Making the Connections
One of the most frequently asked questions I have received this past year during my data modeling classes is "What's a good mapping tool?"
That is, what software tool would I recommend for capturing and displaying how a logical attribute is represented in one or more physical columns, or how a structure on a project data model "connects" to a structure on an enterprise data model, or how an entity on a conceptual data model maps to one or more entities on a logical data model?
Having a data model traceability tool store and manage these connections makes analysis, modeling and integration activities quicker to complete and usually provides greater accuracy than manually managing the mappings in a standalone spreadsheet. I asked the Design Challengers: What tool do you use in your organization to manage these mappings?
The four types of tools for maintaining these mappings are data modeling tools, metadata repositories, developer tools and spreadsheets. What surprised me about this challenge was the high number of our user community (more than 65 percent) who use data modeling tools for this purpose.
Data Modeling Tools
Data modeling tools are a great place to store mapping because in many organizations, the roles (people) who build the models are also responsible for mapping. In addition, the source and target data elements are already stored in the modeling tool. The downside is that not everyone responsible for these mappings has access to these tools or knows how to use them. In addition, these tools may not be designed for mapping and, therefore, may not be straightforward to get data in or produce reports in an easy-to-read spreadsheet format.

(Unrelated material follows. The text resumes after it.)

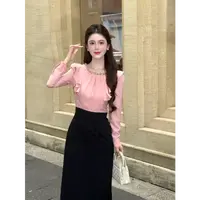 【古早千金】LiLi李李小香风高级感甜美粉拼黑收腰连衣裙 XMZH8789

Chuck Wiberley, manager, data architecture, uses the user-defined properties feature of ERwin Data Modeler to manage the traceability from logical to physical data model. Forrest Carter, data architect, uses the Notes tab in ERwin to store lineage. Craig Ernewein, data architect, and several others use ER/Studio to manage these mappings. Several Design Challengers use PowerDesigner, which contains the lineage feature as part of its tool. One responder to this challenge said PowerDesigner supports the Zachman Framework, and therefore allows different models, diagrams and objects to link to each other as required.
Metadata repositories are great for storing lineage because these tools treat every piece of metadata as a separate object (which could relate to one or more other objects). In this fashion entities can relate to one or more models, data elements can relate to one or more entities, etc. The three big drawbacks to using these tools are their high price tag, steep learning curve and often the lack of a user-friendly presentation (such as a spreadsheet). Metadata repositories can be off-the-shelf or homegrown:
Off-the-shelf. There are several off-the-shelf tools such as BrownStone and Metabase. Mike Gorman, CTO, says in Metabase many types of mappings are possible: "Data elements can be independently mapped to database models that are logical ... Logical models can be mapped to physical."

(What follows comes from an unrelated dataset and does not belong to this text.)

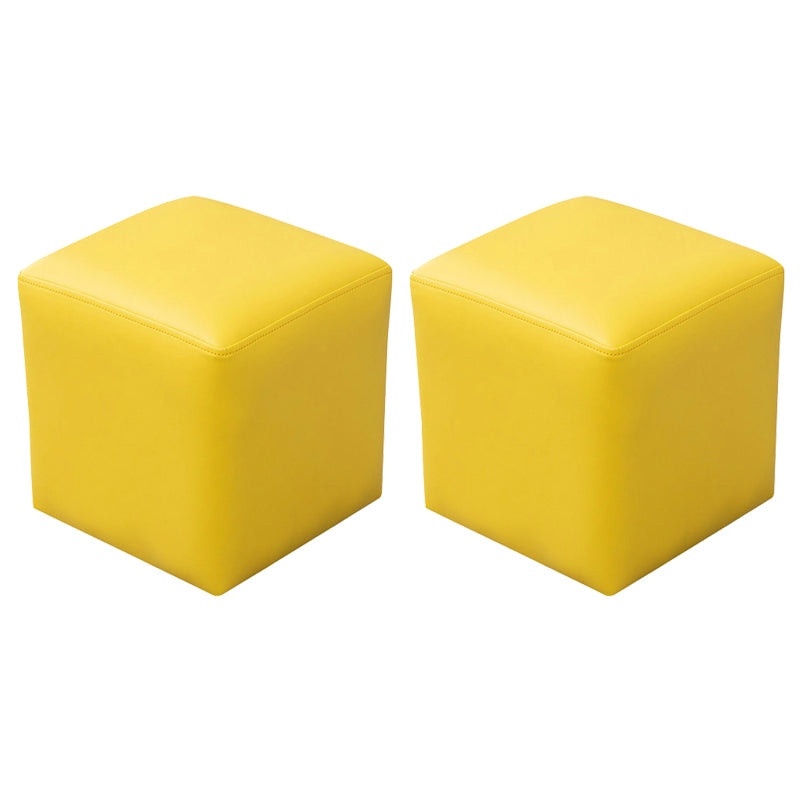 Modern Stain Resistant Ottoman Modern Pure Color Leather Standard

Custom built. Thijs van der Feltz, information architect, is very satisfied with a custom metadata repository, and his organization has used it for more than 20 years. This tool maintains an enterprise data model (with more than 4,000 entity types). When a new conceptual model is presented, it is validated against this enterprise model. Based on matching concepts and relationships to existing entities, the new model is incrementally added to the enterprise model.
A number of organizations I have worked with capture this lineage in their developer tools. Because these tools are great at mapping data (such as extract, transform and load tools) they can often be used to map metadata. The added benefit of using tools such as Informatica, Altova MapForce and Microsoft Visual Studio to capture this mapping is that it increases the odds that the data model and accompanying mapping metadata will be used.
If the data model and lineage can be imported into the tool (or built directly into the tool), it will save the developers time and ensure a tight connection between analysis and development. There are three concerns with using developer tools to manage the mappings: these tools sometimes come with a steep learning curve, not everyone has access to these tools, and they may not support a spreadsheet-like display mechanism.
Spreadsheets are a popular choice for storing and displaying these mappings because the tools are intuitive and inexpensive. Norman Daoust, data modeling consultant, says, "You can make them as simple or complex as needed to suit the task; you can customize them as you see fit; anyone can read them and add comments, status, etc., without special software." The con with spreadsheets is the effort required to maintain them and the lack of a central repository to allow reuse.